Nul ne peut ignorer l'édifice majeur de Pergé : l'imposant nymphée qui se dresse au fond de l'avenue. Au pied de l'acropole, sur deux étages, il recueille les eaux des sources voisines pour les offrir au canal. Comment Paul n'aurait-il pas foulé, à droite de la grande avenue, le pavement en mosaïque de l'agora — carré de soixante-quinze mètres de côté — où se retrouvait, aux heures fraiches, toute la ville ? Il a dû passer sous l'une des portes de marbre qui permettaient d'accéder aux rues adjacentes. Les temples païens ne l'auront sans doute pas retenu. Ce qu'il aura privilégié c'est, bien sûr, la synagogue.

C'est d'elle que Paul, Barnabé et Marc se sont enquis. « Ils annoncèrent la parole à Pergé », dit Luc. Où l'auraient-il fait, sinon devant leurs frères juifs ?
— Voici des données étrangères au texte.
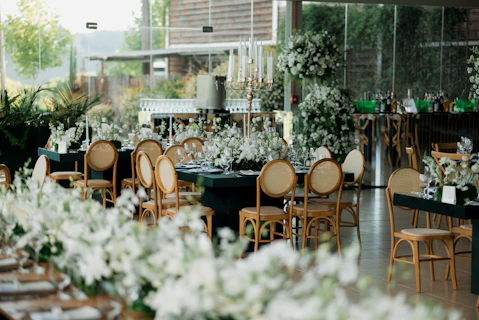 Elegant wedding reception with floral arrangements and seating.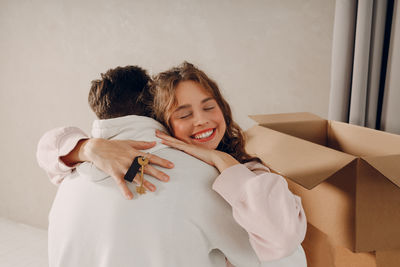 Portrait of young woman sitting on bed at home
Surprise : quand ils quitteront la ville, ils ne seront plus que deux. Marc les aura abandonnés. Il semble avoir été rebuté par la peinture horrifiante qu'on a dû lui faire du voyage à venir ; c'est du moins ce que l'on affirme généralement. Je proposerai une explication différente. Tout le monde n'est pas Barnabé. Il est bien possible que la personnalité de plus en plus égocentrique de Paul se soit révélée à la longue insupportable au jeune homme. A l'annonce de cette désertion, on imagine assez bien, alors que l'automne 45 touche à sa fin, ce que furent les adieux : les larmes de Marc, les propos conciliants de Barnabé, les cris de Paul.